Jefferson's inconsistency, therefore, if inconsistency it were, brought him little discredit. It was far otherwise with the inconsistency of the Federalists. For they also changed sides, and of their case it may be said that, like Milton's Satan, they "rode with darkness." The most respectable part of their original political creed was their nationalism, their desire for unity, and their support of a strong central authority. Had this been really the dominant sentiment of their connection, they could not but have supported Jefferson's policy, even though they might not too unfairly have reproached him with stealing their thunder. For not only was Jefferson's act a notable example of their own theory of "broad construction" of the Constitution, but it was perhaps a more fruitful piece of national statesmanship than the best of Hamilton's measures, and it had a direct tendency to promote and perpetuate that unity which the Federalists professed to value so highly, for it gave to the States a new estate of vast extent and incalculable potentialities, which they must perforce rule and develop in common. But the Federalists forgot everything, even common prudence, in their hatred of the man who had raised the people against them. To injure him, most of them had been ready to conspire with a tainted adventurer like Burr. They were now ready for the same object to tear up the Union and all their principles with it. One of their ablest spokesmen, Josiah Quincey, made a speech against the purchase, in which he anticipated the most extreme pronouncements of the Nullifiers of 1832 and the Secessionists of 1860, declared that his country was not America but Massachusetts, that to her alone his ultimate allegiance was due, and that if her interests were violated by the addition of new Southern territory in defiance of the Constitution, she would repudiate the Union and take her stand upon her rights as an independent Sovereign State.

By such an attitude the Federalists destroyed only themselves. Some of the wiser among them left the party on this issue, notably John Quincey Adams, son of the second President of the United States, and himself to be raised later, under somewhat disastrous circumstances, to the same position. The rump that remained true, not to their principles but rather to their vendetta, could make no headway against a virtually unanimous nation. They merely completed and endorsed the general judgment on their party by an act of suicide.

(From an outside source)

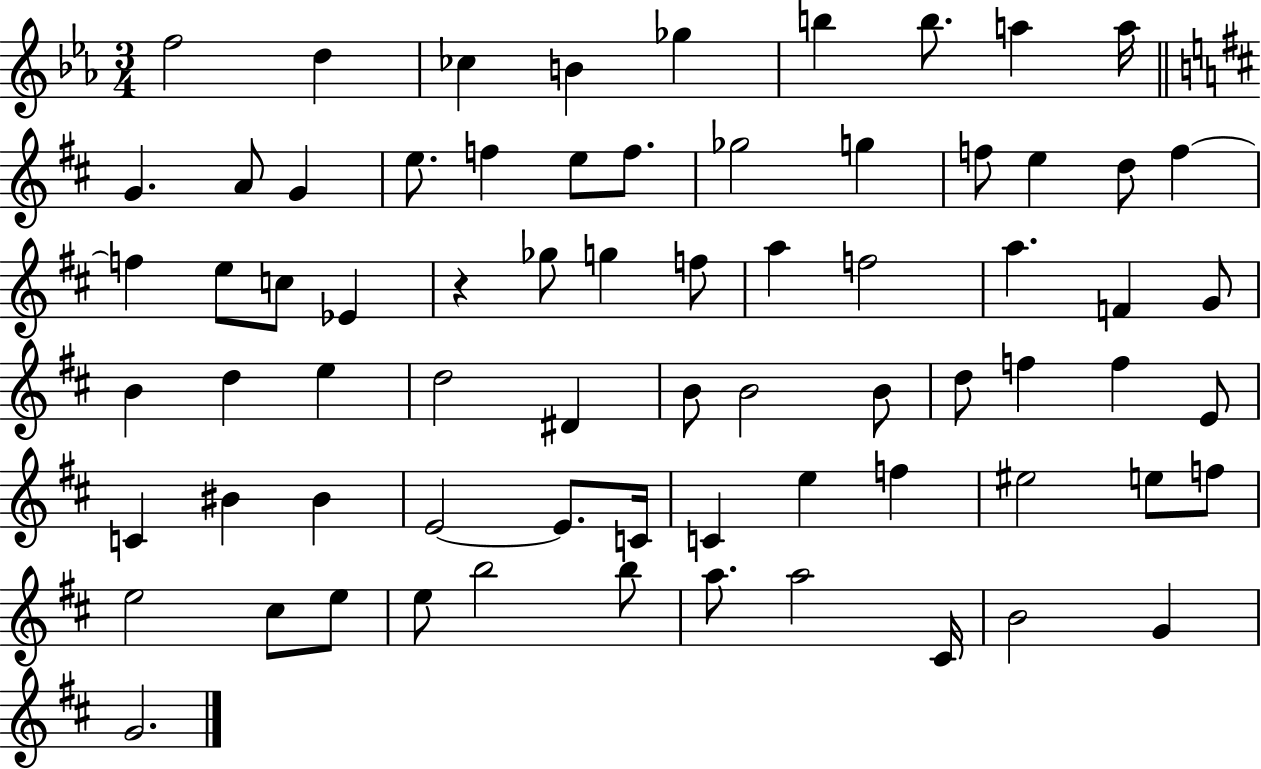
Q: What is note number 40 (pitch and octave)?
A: B4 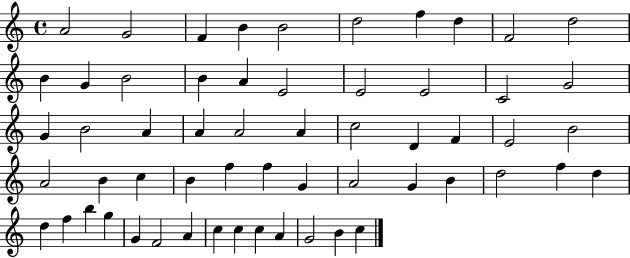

But the chief historical importance of the Louisiana purchase lies in the fact that it gave a new and for long years an unlimited scope to that irresistible movement of expansion westward which is the key to all that age in American history. In the new lands a new kind of American was growing up. Within a generation he was to come by his own; and a Westerner in the chair of Washington was to revolutionize the Commonwealth.

Of the governing conditions of the West, two stand out as of especial importance to history.

One was the presence of unsubdued and hostile Indian tribes. Ever since that extraordinary man, Daniel Boon (whose strange career would make an epic for which there is no room in this book), crossed the Alleghanies a decade before the beginning of the Revolution and made an opening for the white race into the rich valleys of Kentucky, the history of the western frontier of European culture had been a cycle of Indian wars. The native race had not yet been either tamed or corrupted by civilization. Powerful chiefs still ruled great territories as independent potentates, and made peace and war with the white men on equal terms. From such a condition it followed that courage and skill in arms were in the West not merely virtues and accomplishments to be admired, but necessities which a man must acquire or perish. The Westerner was born a fighter, trained as a fighter, and the fighting instinct was ever dominant in him. So also was the instinct of loyalty to his fellow-citizens, a desperate, necessary loyalty as to comrades in a besieged city – as, indeed, they often were.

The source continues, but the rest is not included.